Upon his appointment, Lopes Dias denied having plans to convert uncontacted groups to Christianity: “I will not promote the evangelization of indigenous people,” he said.

Aerial image of an uncontacted Yanomami village photographed in 2011. Recent overflights found the communal house empty. Image © Hutukara/Survival International 2011.

Accusations of unfolding ethnocide and genocide

Brazilian human rights organizations are profoundly worried about the harm the Bolsonaro government is doing to indigenous communities in general, and isolated groups in particular. Laura Greenhalgh, executive director of the Arns Commission, a human rights body, who spoke at the side event, reported her organization’s plan to send a petition to the International Criminal Court demanding an investigation into Bolsonaro’s attacks on indigenous human rights protections.

Greenhalgh’s organization asserts that the Bolsonaro administration’s socio-environmental policies are putting indigenous peoples at risk of “ethnocide,” defined as “the deliberate and systematic destruction of the culture of an ethnic group,” while also putting isolated groups at risk of “genocide,” defined as “the deliberate killing of a large group of people, especially those of a particular nation or ethnic group.”

A strongly-worded report, released jointly at the side event by ISA, a human rights body, along with the Arns Commission and another NGO, Conectas–Human Rights, offered evidence for these charges: The report lambasts the current administration, saying that “Since the Bolsonaro government’s very first day in office [January 1, 2019], its decisions have fragmented the country’s environmental policies and have led to an increase in the deforestation of public land and, thus, to the violation of the rights of indigenous peoples.”

The report argues that indigenous communities are being aggressively targeted: “Of all the institutions affected by the government’s endeavors to weaken environmental policies, FUNAI, the official indigenous body, is in the worst situation,” it states. FUNAI was already stretched to the breaking point before Bolsonaro took office, the report states, and was ill-prepared to suffer further blows, including a devastating 90% funding cut. The document concludes that “This extremely serious budget cut, along with massive changes in the way the body is structured, has meant that its activities have come to a virtual standstill.”

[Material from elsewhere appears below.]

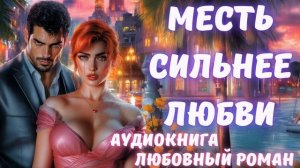 АУДИОКНИГА: МЕСТЬ СИЛЬНЕЕ ЛЮБВИ: СЛУШАТЬ ЛЮБОВНЫЙ РОМАН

The result has been an alarming increase in deforestation on indigenous lands, reversing the downward trend recorded between 2004 and 2014. Deforestation in 115 of the worst-affected indigenous territories totalled 42,679 hectares (105,462 acres) from August 2018 to July 2019, an 80% increase compared with 2017-18. Long lauded as “guardians of the forest” for their success in curbing deforestation within their territories, indigenous groups are finding it increasingly difficult to defend their lands because, they say, invaders have the backing of authorities.

Isolated indigenous groups in the balance

This surge in deforestation within indigenous reserves, puts isolated groups especially at risk. Of the 54 indigenous territories where uncontacted Indians have been detected, 21,028 hectares (51,961 acres) of forest were felled in 2019, an increase of 114% compared with 2018 and of 363% compared with 2017.

Two Amazonian indigenous reserves where isolated groups suffered particularly badly last year are Yanomami Park, which saw deforestation soar by 1,686% between 2018-19, and the Ituná/Itatá Reserve in Pará state, which saw an increase of 656%.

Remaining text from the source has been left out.